Chi Tu (other alternative spellings include Chihtu, Chitu or Ch-ih-t'u; Sanskrit: Raktamaritika or Raktamrittika; ; Malay language: Tanah Merah) was an ancient kingdom mentioned in the history of China. The Sui dynasty annals describe an advanced kingdom called Chi Tu in 607, when Chang Chun was sent as an ambassador there. The location of Chi Tu was disputed; proposals for its location include areas in the states of Kelantan or Pahang in Malaysia, or in Songkhla and Pattani Province of southern Thailand. The best evidence to support the Kelantan theory was when the envoys left Chi Tu, the sail took 10 days to reach Champa, this indicates the kingdom was located somewhere 'red earth' around the main river of Kelantan.

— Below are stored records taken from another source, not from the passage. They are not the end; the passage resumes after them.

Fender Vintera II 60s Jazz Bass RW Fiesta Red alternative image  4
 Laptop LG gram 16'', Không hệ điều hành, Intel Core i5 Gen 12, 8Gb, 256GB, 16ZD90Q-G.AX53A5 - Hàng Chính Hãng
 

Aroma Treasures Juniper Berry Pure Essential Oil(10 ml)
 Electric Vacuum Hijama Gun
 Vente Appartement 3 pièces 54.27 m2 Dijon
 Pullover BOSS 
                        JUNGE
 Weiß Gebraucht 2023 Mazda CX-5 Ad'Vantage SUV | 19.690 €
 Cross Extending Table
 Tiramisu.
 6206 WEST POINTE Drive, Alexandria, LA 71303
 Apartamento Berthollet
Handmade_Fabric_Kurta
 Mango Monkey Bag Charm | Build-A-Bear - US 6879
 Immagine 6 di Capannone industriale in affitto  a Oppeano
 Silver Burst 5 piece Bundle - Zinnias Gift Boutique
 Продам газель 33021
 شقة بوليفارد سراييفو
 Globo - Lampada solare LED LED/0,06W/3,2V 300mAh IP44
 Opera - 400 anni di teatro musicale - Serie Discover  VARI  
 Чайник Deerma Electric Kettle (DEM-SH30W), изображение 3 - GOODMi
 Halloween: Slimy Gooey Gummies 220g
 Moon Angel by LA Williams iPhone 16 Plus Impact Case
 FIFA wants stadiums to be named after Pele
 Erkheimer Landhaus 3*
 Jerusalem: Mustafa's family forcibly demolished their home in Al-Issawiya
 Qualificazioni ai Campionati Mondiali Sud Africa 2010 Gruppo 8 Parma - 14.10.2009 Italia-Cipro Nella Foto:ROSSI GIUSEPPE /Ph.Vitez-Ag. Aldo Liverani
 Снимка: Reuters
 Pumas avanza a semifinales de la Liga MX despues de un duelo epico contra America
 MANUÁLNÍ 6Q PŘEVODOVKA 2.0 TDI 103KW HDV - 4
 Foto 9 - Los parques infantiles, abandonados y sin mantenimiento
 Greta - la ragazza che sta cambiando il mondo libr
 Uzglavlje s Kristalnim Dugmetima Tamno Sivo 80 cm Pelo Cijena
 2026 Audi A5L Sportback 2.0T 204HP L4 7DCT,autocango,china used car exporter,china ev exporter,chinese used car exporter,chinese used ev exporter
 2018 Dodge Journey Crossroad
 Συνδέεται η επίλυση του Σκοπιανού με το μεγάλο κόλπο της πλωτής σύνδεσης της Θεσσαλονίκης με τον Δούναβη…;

The inscribed Buddhagupta Stone found in Kedah mentioned a Raktamrttika, meaning "red earth land".

History

The Chi Tu kingdom is believed to have existed as early as 100 BC to the 6th century AD. The royal family's name was Chu-dan (which means Gautama Buddha) and the king was Li-fo-duo-se. According to Chinese records, Chi Tu was built by kit mow (Mon-Khmer) peoples who sailed from the coast of Funan (southern Indochina) that eventually intermarried with the local population. "... Chi Tu is a derivation nation of Funan, located in within the southern sea, sailing hundred days to reach, the majority terrain was red, thus named Red Earth Kingdom (Chi means red, Tu means earth). East bordering Po-Lo-La, West bordering Po-Lo-So, South bordering Ho Lo Tan, thousands of square miles in land area. The king has three wives and the kingdom embraced Buddhism ...".

Chi Tu kingdom along with Langkasuka, Kedah and others were early important trade centers (approximately 100 BC to 700 AD). During this period, ships coming from China and Funan (from Indian Ocean as well) stop at the coast of Malay Peninsula. They get the local porters to transport the goods, using rafts, elephants and manpower along the Early transpeninsular routeway and part of the ancient Spice Route (Sea Route). By the 800 AD, the Chi Tu kingdom went into decline.

Location
Scholars do not agree on the location of Raktamaritika. While some consider it in the area of Phatthalung / Songkhla area, or Kelantan. The ruins around the Songkhla lake such as Bang Kaeo in Phatthalung or Sathing Phra in Songkhla then might be one of the cities of Raktamaritika.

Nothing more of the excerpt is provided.